My tutor very kindly sent me a solution document for the past paper from 2008, so this morning I’ve been working through the my first ever practice exam for a maths course! I was quite curious to see what the exam paper was like, since all the exams I’ve taken with the OU so far have been in computing/programming. Luckily it seems like maths exam papers follow roughly the same pattern that the computing exams do – about a dozen short questions, one for each course unit, and then a few longer questions that require combinations of techniques from various units. And nicely, you only have to do two out of the four longer questions available, so I’m happy to say that I’ll be able to avoid at least some of the graph-sketching questions!

I haven’t done much revision so far for MS221, just a few problems from the exercise books provided for each block, so I’ve used the 2008 past paper as a kind of diagnostic tool, to find out which areas I’m confident in already, and which ones I’m completely incompetent at. Guess which there are more of?

Here’s how a rough outline of what’s in the 2008 paper (hopefully this won’t constitute copyright infringement!):

## Part 1

• Question 1: Finding a closed form for a recurrence system
• Question 2: Identifying and sketching a conic
• Question 3: Stating the rule for some isometries, and for a composite isometry, and then using the double-angle and half-angle formulas to show a result
• Question 4: Classifying fixed points of a curve, then sketching the graph of the curve and using graphic iteration construction
• Question 5: Identifying basic linear transformations, applying them to a vector, and stating an invariant line for each one
• Question 6: Finding eigenvalues, eigenlines and eigenvectors.
• Question 7: Differentiation
• Question 8: Integration
• Question 9: Finding and manipulating Taylor series about 0, and classifying stationary points
• Question 10: Finding the modulus and argument of a complex number, converting them from Cartesian to polar form and vice versa, and using the formula for powers of complex numbers.
• Question 11: Using Euclid’s Algorithm and working with exponential ciphers.
• Question 12: Combining variable propositions, finding a case for which a given proposition is false, and finding the converse of a proposition.

## Part 2

• Question 13: Looks like it’s about conics, but I haven’t done this one yet.
• Question 14: Linear transformations
• Question 15: I haven’t done this one yet either, but it looks like it involves differentiation, integration and stationary points.
• Question 16: Groups

I decided to do all the short questions and then two of the long questions, to simulate what the actual exam will be like – and I was pleasantly surprised to find that I didn’t run out of time (though this is probably due to the fact that there were quite a few questions I couldn’t complete!).

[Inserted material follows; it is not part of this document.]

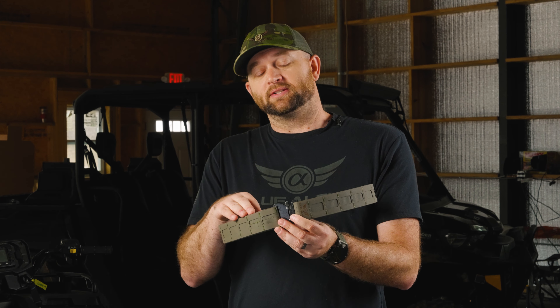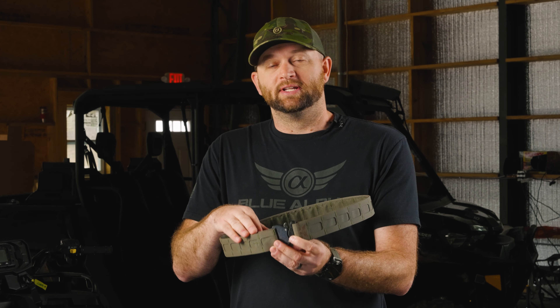Here at Blue Alpha we are known for our belts, and we've been making them for a while. The new Blue Alpha Battle Belt Light is the most efficient and functional belt we've ever made. As with all of our battle belts, the Battle Belt Light comes with an inner belt — but what makes it special is more buckle choices, more color options, and it is 40% lighter.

I did manage to get something down for all the questions (except the two long questions I opted not to do), but there were quite a few where I couldn’t quite remember how to apply the appropriate techniques – yes, even with the handbook right next to me!

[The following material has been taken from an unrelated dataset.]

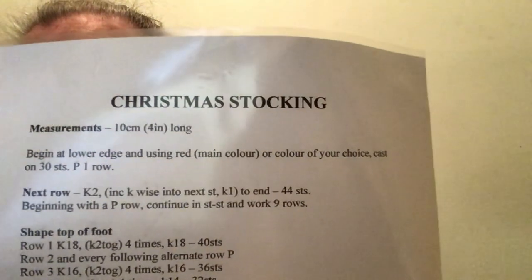Hi everyone, it's me Lisa from Lisa Knits and Vlogs World. Day one of Lisa's Knit Race, and I have changed my place of making scarf. Now I'm making Christmas stockings.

In particular, I seem to have completely lost any competence I ever had with the material from Block B; which is unfortunate, since that’s what Question 14 was pretty much all about! I also need a lot more practice working with Taylor series, I got myself in a complete muddle trying to substitute into the standard Taylor series about 0. It’s weird, though, because I remember really enjoying those two topics, so I assumed that I wouldn’t have any trouble with them. I seem to be alright at Blocks A, B and D, but the contents of Block B have apparently disappeared entirely from my memory!

I think the area I was strongest in was the Block D stuff, which is unsurprising really since it’s the material I’ve learned most recently, and it was my favourite part of the course. I was pretty confident with the calculus questions too, except for integration by substitution, which I’ve mostly forgotten how to do. So I’m mainly going to concentrate on Blocks A and B for the first week or so of my revision for MS221, and then see how I do at the next past paper next weekend. Hopefully my copy of the Black Badge Press solutions booklet will have arrived by then!